With the ubiquity of sensor networks and smart devices continuously collecting more and more data, we face the challenge to analyze an ever growing stream of data in near real-time. Being able to react quickly to changing trends or to deliver up to date business intelligence can be a decisive factor for a company’s success or failure. A key problem in real time processing is the detection of event patterns in data streams.

          Complex event processing (CEP) addresses exactly this problem of matching continuously incoming events against a pattern. The result of a matching are usually complex events which are derived from the input events. In contrast to traditional DBMSs where a query is executed on stored data, CEP executes data on a stored query. All data which is not relevant for the query can be immediately discarded. The advantages of this approach are obvious, given that CEP queries are applied on a potentially infinite stream of data. Furthermore, inputs are processed immediately. Once the system has seen all events for a matching sequence, results are emitted straight away. This aspect effectively leads to CEP’s real time analytics capability.

          Consequently, CEP’s processing paradigm drew significant interest and found application in a wide variety of use cases. Most notably, CEP is used nowadays for financial applications such as stock market trend and credit card fraud detection.

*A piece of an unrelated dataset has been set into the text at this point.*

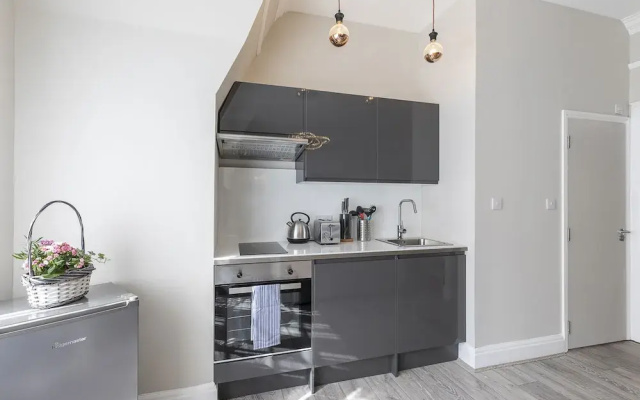 Luxurious Air Conditioned Apt High Street Kensington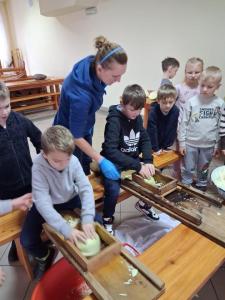 Warsztaty kl. II z kiszenia kapusty i pieczenia kruchych ciasteczek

Moreover, it is used in RFID-based tracking and monitoring, for example, to detect thefts in a warehouse where items are not properly checked out. CEP can also be used to detect network intrusion by specifying patterns of suspicious user behaviour.



Monitoring and alert generation for data centers:

Assume we have a data center with a number of racks. For each rack the power consumption and the temperature are monitored. Whenever such a measurement takes place, a new power or temperature event is generated, respectively. Based on this monitoring event stream, we want to detect racks that are about to overheat, and dynamically adapt their workload and cooling.

For this scenario we use a two staged approach. First, we monitor the temperature events. Whenever we see two consecutive events whose temperature exceeds a threshold value, we generate a temperature warning with the current average temperature. A temperature warning does not necessarily indicate that a rack is about to overheat. But whenever we see two consecutive warnings with increasing temperatures, then we want to issue an alert for this rack. This alert can then lead to countermeasures to cool the rack.